START Given information

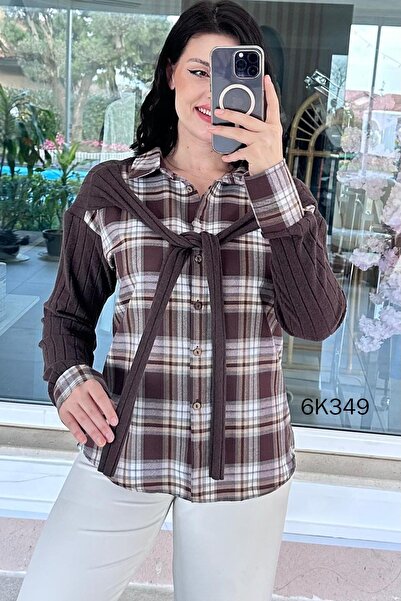 İnce Topuk Knitwear Paneled Plaid Shirt 6K349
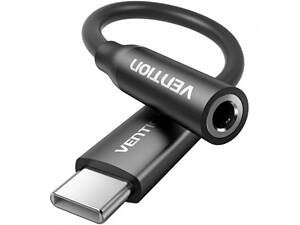 Перехідник USB-C --&gt; аудіо Jack 3.5мм, Алюмінієвий сплав, чорний Vention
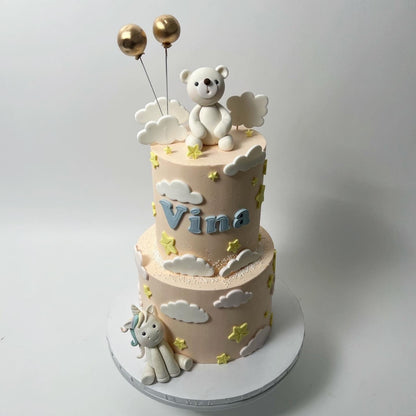 Animals &amp; clouds on buttercream - custom cake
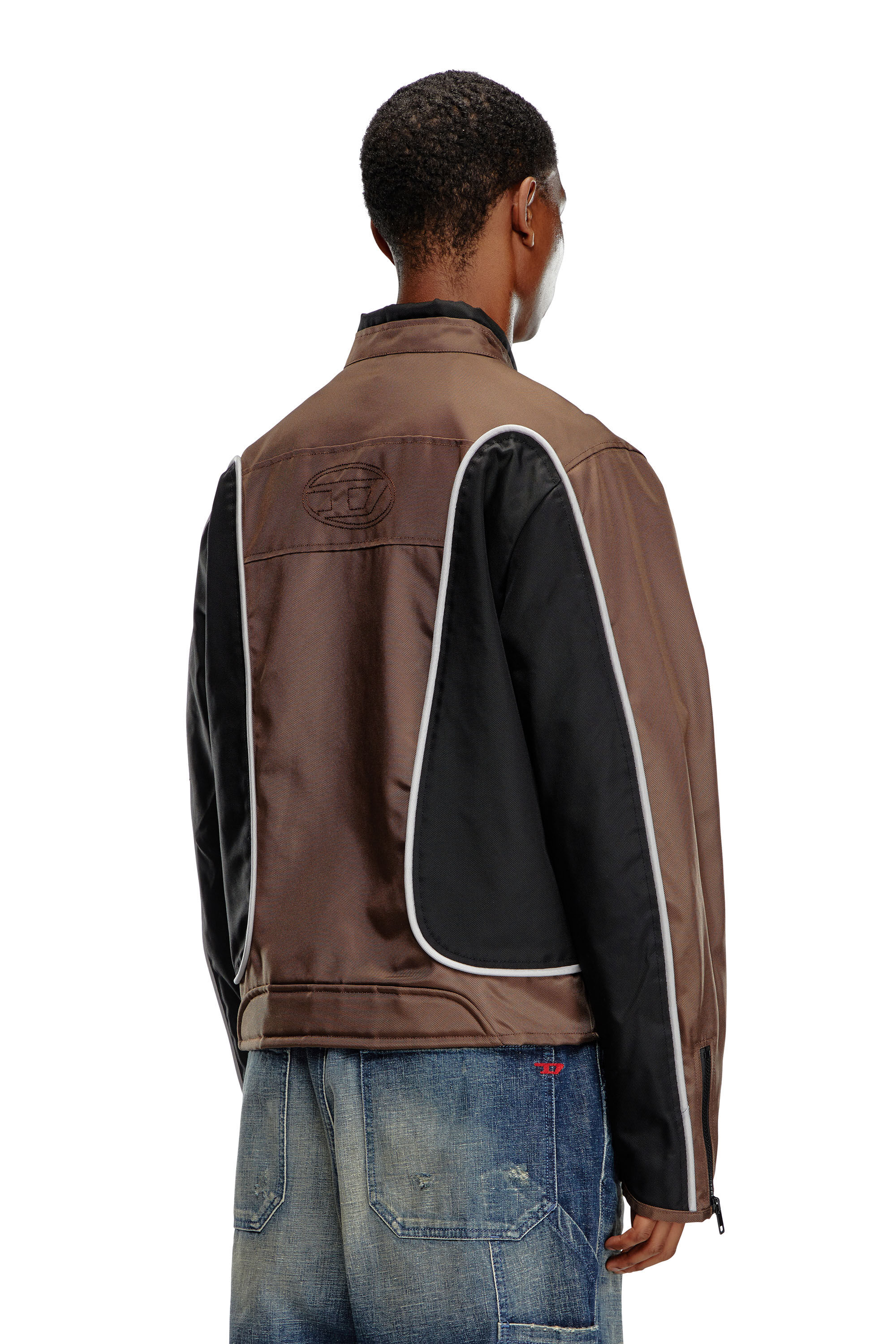 Diesel - J-BLINK, Man's Biker jacket in colour-block nylon in Black/Brown - 4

END Given information

**Problem to work on**
Omit the pictures, then quote the rest of the material above exactly.

**Answer**
 İnce Topuk Knitwear Paneled Plaid Shirt 6K349
 Перехідник USB-C --&gt; аудіо Jack 3.5мм, Алюмінієвий сплав, чорний Vention
 Animals &amp; clouds on buttercream - custom cake
 Diesel - J-BLINK, Man's Biker jacket in colour-block nylon in Black/Brown - 4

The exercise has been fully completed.